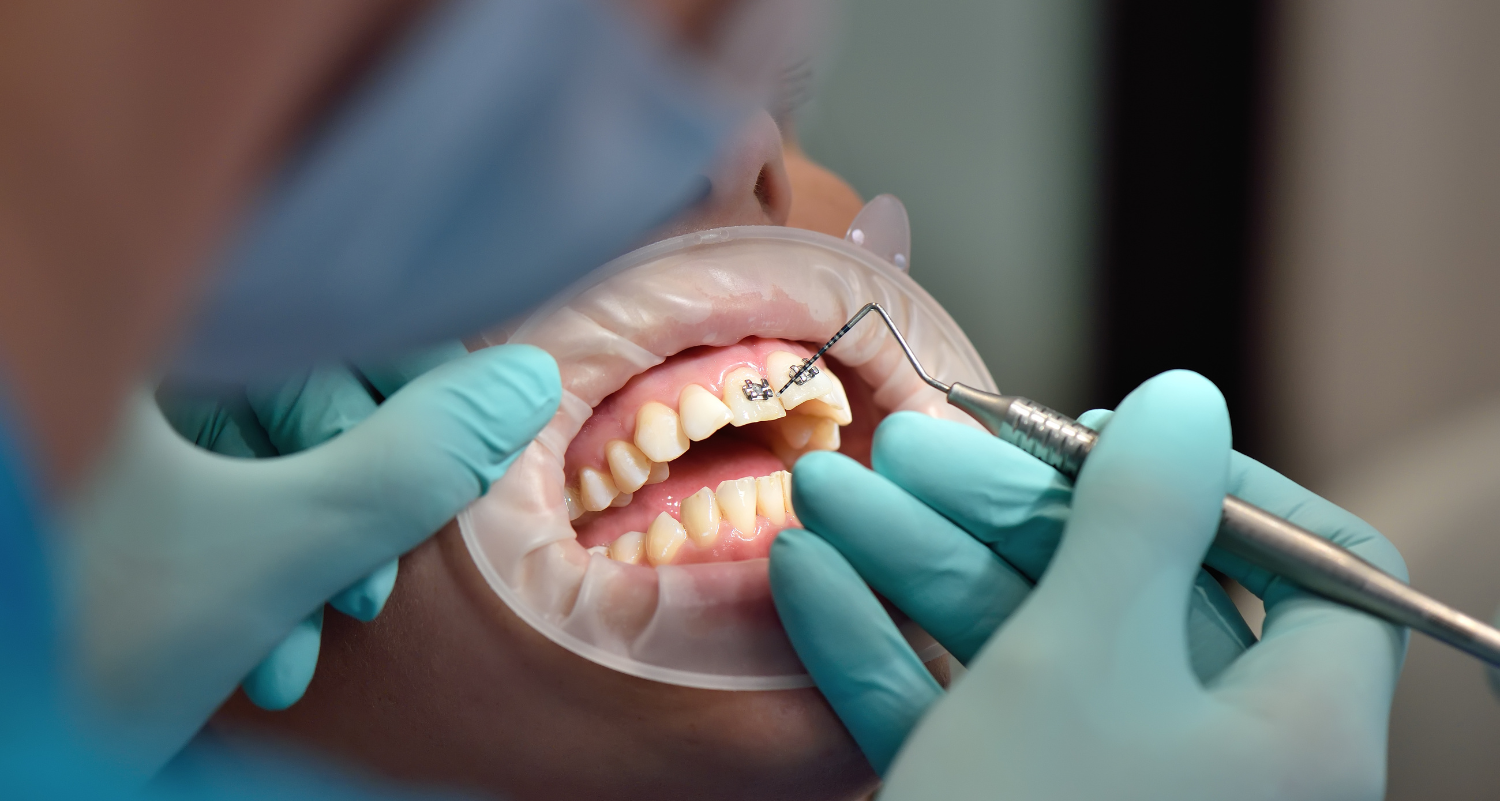 Sleep Dentistry for Gag Reflex: When Your mouth Won't Cooperate New Gisborne Melbourne Dentists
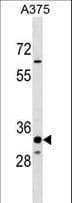 THEM5 Antibody (aa71-99)
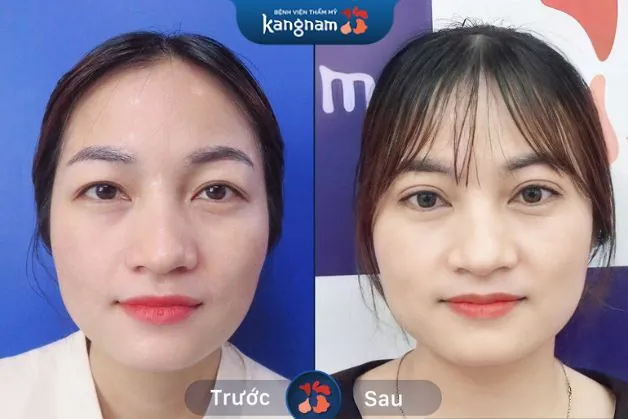 Đường mí cân đối, hài hòa với gương mặt khách hàng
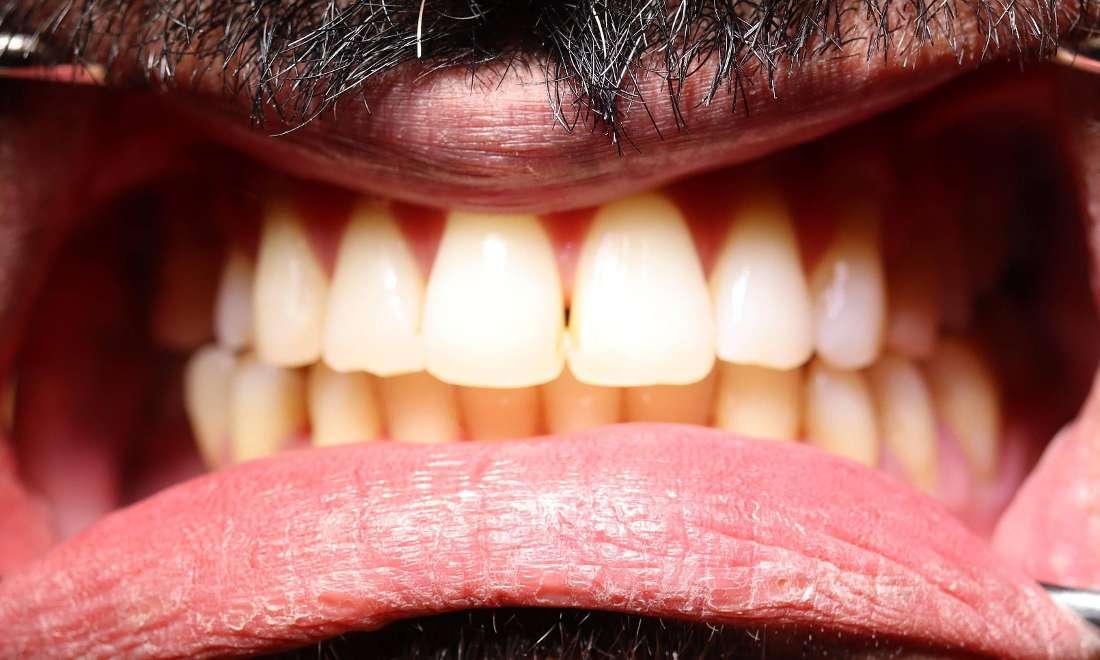 Upper and Lower Invisalign treatment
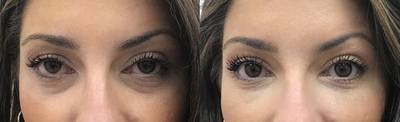 Eyelid Surgery before and after photo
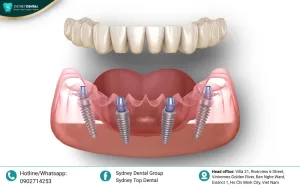 Medical Standard Dental Implant Procedure: What You Need to Know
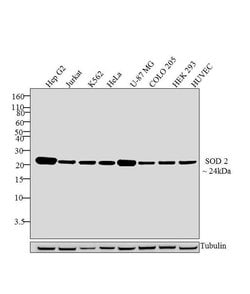Invitrogen SOD2 Monoclonal Antibody (1H6) 100 &mu;g; Unconjugated:Antibodies,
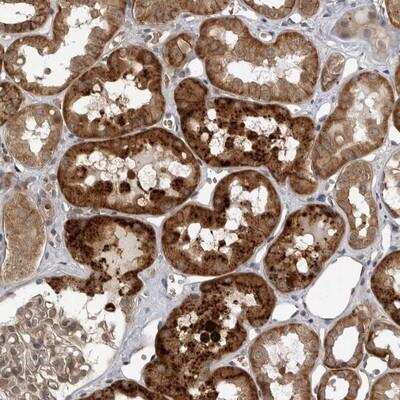 Immunohistochemistry-Paraffin: Wnt16 Antibody [NBP1-86403]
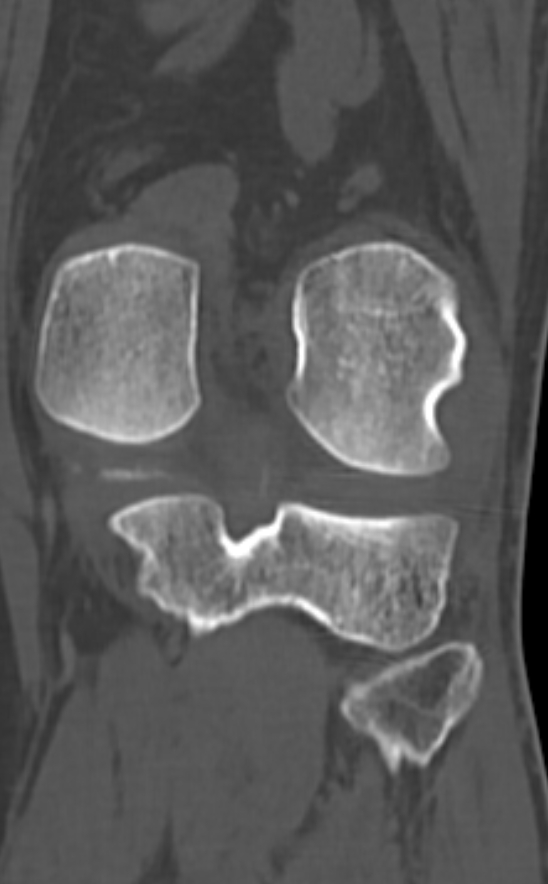 Chondrocalcinosis (Radiopaedia 82862-97173 Coronal bone window 57).jpg
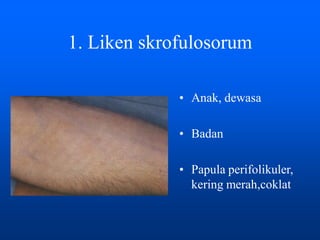 1. Liken skrofulosorum
• Anak, dewasa
• Badan
• Papula perifolikuler,
kering merah,coklat
 
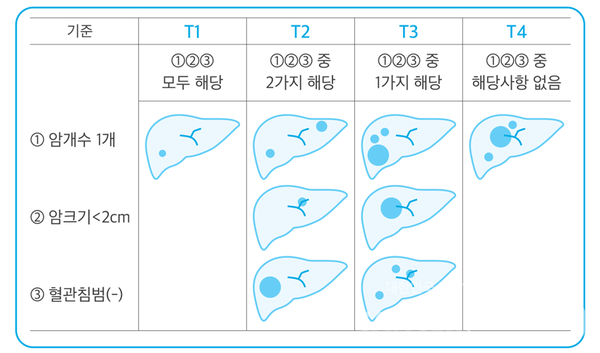 간암을 나누는 병기. /대한간암학회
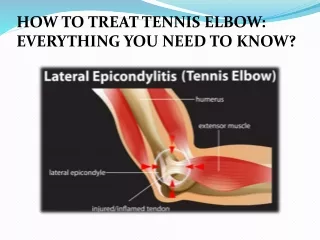 HOW TO TREAT TENNIS ELBOW: EVERYTHING YOU NEED TO KNOW?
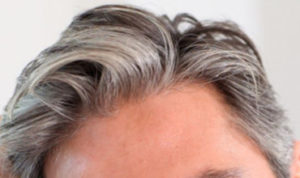 Platelet Rich Plasma Therapy in Hair Restoration in Austin, Texas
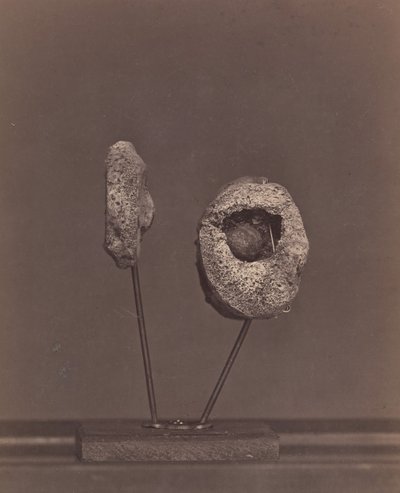 Uitgesneden kniegewricht. Een ronde musketbal in de binnenste condyl van het rechterdijbeen [Gardin..., 1866-67 door William H. Bell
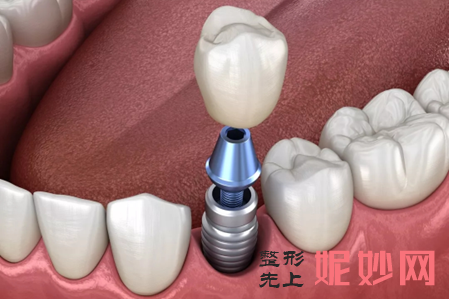 搭桥和种牙哪个好？先了解概念再看其区别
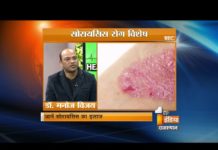 सोरायसिस क्या है? || What is psoriasis?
========================================
* [TASK DIRECTIONS]:
Each entry must be reproduced word for word, and any image among them left out.

* [REPLY]:
 Sleep Dentistry for Gag Reflex: When Your mouth Won't Cooperate New Gisborne Melbourne Dentists
 THEM5 Antibody (aa71-99)
 Đường mí cân đối, hài hòa với gương mặt khách hàng
 Upper and Lower Invisalign treatment
 Eyelid Surgery before and after photo
 Medical Standard Dental Implant Procedure: What You Need to Know
Invitrogen SOD2 Monoclonal Antibody (1H6) 100 &mu;g; Unconjugated:Antibodies,
 Immunohistochemistry-Paraffin: Wnt16 Antibody [NBP1-86403]
 Chondrocalcinosis (Radiopaedia 82862-97173 Coronal bone window 57).jpg
 1. Liken skrofulosorum
• Anak, dewasa
• Badan
• Papula perifolikuler,
kering merah,coklat
 
 간암을 나누는 병기. /대한간암학회
 HOW TO TREAT TENNIS ELBOW: EVERYTHING YOU NEED TO KNOW?
 Platelet Rich Plasma Therapy in Hair Restoration in Austin, Texas
 Uitgesneden kniegewricht. Een ronde musketbal in de binnenste condyl van het rechterdijbeen [Gardin..., 1866-67 door William H. Bell
 搭桥和种牙哪个好？先了解概念再看其区别
 सोरायसिस क्या है? || What is psoriasis?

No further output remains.